Chief Justice Sereno, who wrote the PCIJ on behalf of “the majority” to say that they were declining to answer, ranked No.11 with a declared net worth of P18,029,575.51. Associate Justice Perez was at No. 12, with P9,380,000.
Associate Justice Brion filed an annual SALN (as opposed to a summary SALN) and so enrolled only his incremental net worth in 2011 of only P1,498,509.
Reporters had initially ranked Brion the poorest of the justices. But days later, through the high court’s press office, Brion clarified his unexplained poverty. He said that in his 2010 SALN, he had declared a net worth of P58,046,166.
Adding the two figures mean that by 2011, Brion’s net worth was already P59,544,675, making him the fifth wealthiest associate justice.
Net worth all rise
Looking at the past and the latest SALNs of the justices, PCIJ found that the rise in the net worth of three justices (Sereno, Carpio, and Perez) ranged from P267,408 to P32.62 million in the last two to three years. Carpio declared the highest increase among the three, shoring up his net worth by 69 percent in just one year.
For eight justices whose 2000, 2002, 2003, and 2011 SALNs are available, PCIJ found that the rise in their net worth ranged from P6.75 million to P81.65 million, or from 58 percent to 558 percent more, across a decade.
The rise or fall in the wealth of three justices (Abad, Perlas-Bernabe, and Velasco) could not be tracked because only their 2011 SALN is available.
The justices who responded offered a variety of reasons why their wealth grew by leaps and bounds through the years. Aside from their ever-growing salaries and allowances from the Court, some of the justices also cited income from equally or more successful spouses (including one who had a retirement benefit that reached almost P10 million) and having grown-up children who now have their own means of supporting themselves.
At least three cited additional income from giving lectures and teaching, as well as from writing books. One (Peralta) even mentioned a windfall from a raffle draw that saw him winning a car, which he “opted to convert into cash in the amount of P840,000.”
The responses to property-related questions are a bit harder to summarize. Associate Justice Peralta, for example, explained why he changed the acquisition cost of two properties he said he owns in Parañaque City this way: “The costs of the two (2) lots declared in the 2002 and 2003 SALN included the improvements therein, whereas in the 2011 SALN, the costs of the lots and the improvements were made separate in order to reflect a more accurate declaration in light of the renovation that was done in our house in 2006 to 2007.”
A comparison of Associate Justice Leonardo-de Castro’s older and latest SALNs showed that she had also increased the acquisition cost of her property in Merville, Paranaque, from 2002 to 2011.

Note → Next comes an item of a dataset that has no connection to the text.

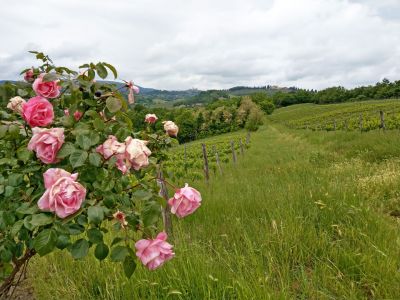 Wandern in der Toskana von Florenz zur Mittelmeerk�ste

In her 2002 SALN, Leonardo-de Castro declared the acquisition cost of this house that she said was constructed in 1984 at P250,000. In her 2011 SALN, the acquisition cost of the same house had soared multiple-fold at P5,000,000.
Her reply to the PCIJ: “The house in Merville, Parañaque was constructed on the lot donated to me by my parents, as mentioned in my SALN. The construction was funded through a PAG-IBIG loan and it was gradually improved through the years, through another PAG-IBIG loan after the first one was fully paid and contributions from members of the family. The acquisition cost of this family home includes the acquisition cost of the original structure and the improvements gradually introduced on the property.”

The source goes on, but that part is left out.